Meet Malaysia's condom king: '1½ grams of rubber can change the world'

The head of condom giant Karex talks about the changing business of pleasure

There can't be that many people whose business card is a condom wrapper, but MK Goh is no ordinary entrepreneur.

Goh, the chief executive of Karex, the world's largest condom manufacturer, is often asked to repeat what he does for a living when introduced to strangers.

“ ‘You build condominiums?’ is what they ask, thinking they have misheard me,” he says. ‘ “No, I make condoms,’ I tell them.”

The next question he is usually asked is where they sell the “biggest condoms”, Goh adds, laughing.

Ever the diplomat, the Malaysian businessman, who was in Monaco recently to take part in the EY World Entrepreneur of the Year awards, has a stock answer to hand.

“I always say we have an extra-large segment in every market we operate in.”

Goh’s business card, which naturally has a free condom included, is there to make sure no one is left in any doubt about what he does.

Selling condoms is really about saving lives, and 1½ grams of rubber can change the world, so doing this has given me a mission

He entered the family business reluctantly after his father died unexpectedly, but he soon discovered that condoms were his passion.

“My dad’s original intention was for me not go into the business, and it was really more of an obligation that brought me into it. I couldn’t have possibly imagined then that this obligation would turn out to be something I’d end up loving doing, but it did. Selling condoms is really about saving lives, and 1½ grams of rubber can change the world, so doing this has given me a mission,” he says.

Goh first got involved in the family business at the age of 12 after his father experienced financial difficulties.

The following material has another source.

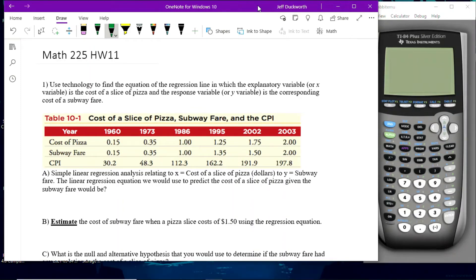Let's take care of homework 11 here. This is on regression. We have a chart — table 10.1 — and it says use technology to find the equation of the regression line in which the explanatory variable or X variable is the cost of a slice of pizza, and the response variable or Y variable is the corresponding cost of the subway fare. So we're trying to determine if there is a relationship between the cost of a piece of pizza and the subway fare.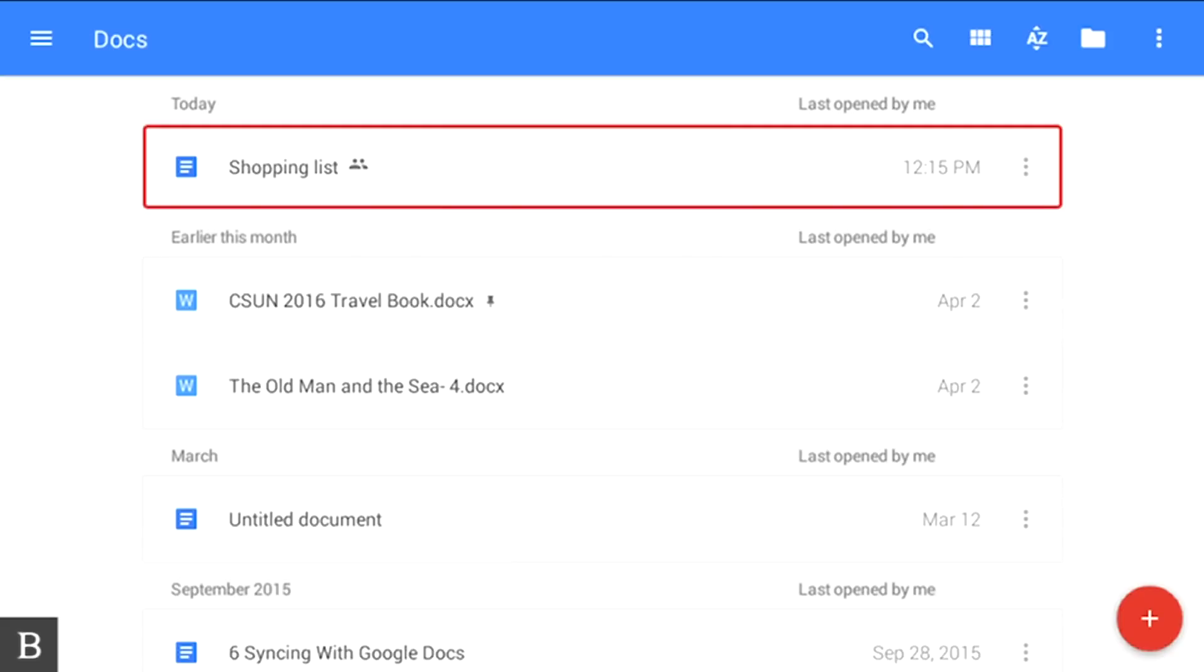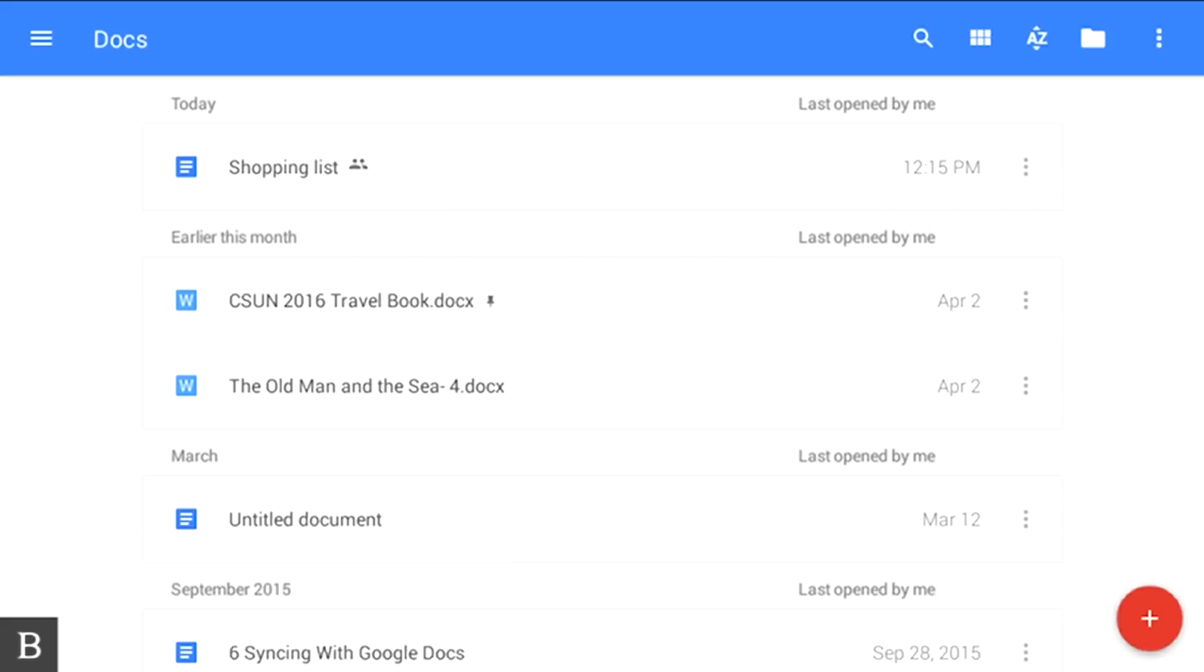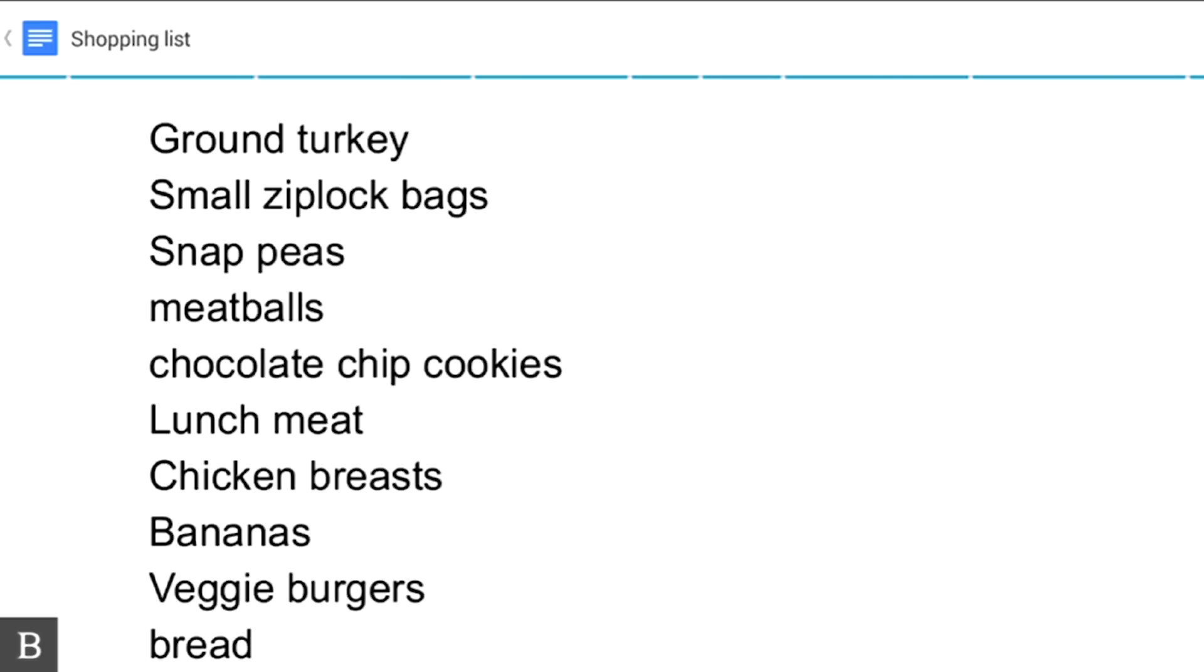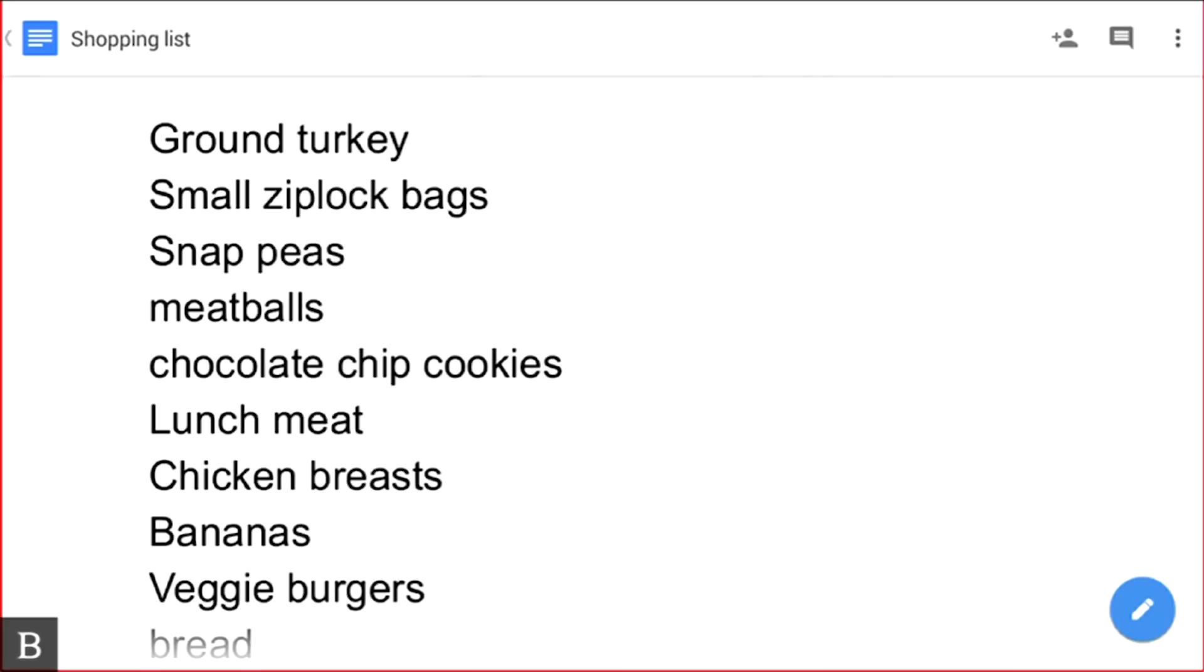I'm going to activate it by pressing my cursor router key. It's opening the Google Doc from the cloud. I'm in my shopping list Google Doc now.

“My father went through a very difficult time, and we had to pool our money to make the company what it is today. We lost our home and went to live in the factory, so by the time I was 13 I knew every aspect of the business, from cleaning the toilets to packing and loading containers,” he says.

Upsetting people

Goh eventually left home to study in Sydney, Australia, but the death of his father brought him back home sooner than expected. He has led Karex since 1999.

Goh says strangers are surprised to learn that Malaysia is one of the world’s biggest producers of condoms, particularly given it is a predominantly Muslim country. He says he has upset some people through his educational work in promoting sexual wellness and his support of the LGBT community.

“Malaysia is a country that does not give full rights to all communities, so people sometimes frown at what I do, but there haven’t been protests outside our factories or anything like that.”

Condoms might once have been something that were covertly bought from machines in pub toilets, but they are now more freely available than ever. Goh and his family are partly responsible for this.

Karex, which recorded revenues of $92 million (€82.2 million) in its last financial year, was responsible for nearly 17 per cent of all the condoms made globally.

Last year it produced about five billion for export to more than 120 countries. It is now looking to ramp that up to seven billion by the end of 2017. Not bad for a company that was only producing three billion a year prior to its listing on the main Malaysian stock exchange in late 2013.

Goh says that while people were once wary of discussing contraception, this has changed, partly as a result of the HIV/Aids crisis, which encouraged a lot more people to not just talk about condoms but also to use them.

“Some 50 per cent of the world’s population is below the age of 25 years so there’s a huge market out there for us,” he says.

However, while the safe sex message might have caught on in some regions, there are others where education is still required, says Goh.

“Research has shown that in Africa, for example, just 25 per cent of people use condoms in sexual intercourse. That really has to be brought up to at least 75 per cent,” he adds.

All about pleasure

Goh says there has been plenty of innovation in condoms in recent years in terms of different shapes, sizes, textures and materials used.

“No one walks into an ice cream parlour and just wants vanilla any more. People want different variations and it is the same with condoms. In mature markets people are no longer as focused on safety, it is all about pleasure.

“In addition, women are now bigger buyers of condoms and they don’t necessarily want the same things as men. Asia, meanwhile, is a huge market for extremely thin condoms,” Goh explains.

As well as producing condoms for the likes of Durex, Karex also has its own brands. Last year, it acquired the UK's largest condom maker, Pasante, for £6 million as its seeks to gain more market share globally.

The acquisition leaves the group in a situation where it is responsible for the production of almost 80 per cent of condoms distributed by the National Health Service, and for a significant number of value condoms produced for the likes of Tesco and Boots.

Men can download a device that lets them measure their length and girth to find the right size and then order condoms through us

Another challenging area has been ecommerce. With easy access to condoms, there has been little demand for them from an online audience. However, Goh has spotted one key area for growth.

“Men come in all shapes and sizes, though, and so now through us online they can buy condoms in the same way that women buy bras. They can download a measuring device that lets them measure their length and girth to find the right size and then order condoms through us.”

“This works well online partly because men can be more honest about what size they are but also because you can’t usually get irregular sizes offline. We have 66 sizes of custom-fit condoms available but I can’t find a retailer that will stock them all, so online is a good place to sell them.”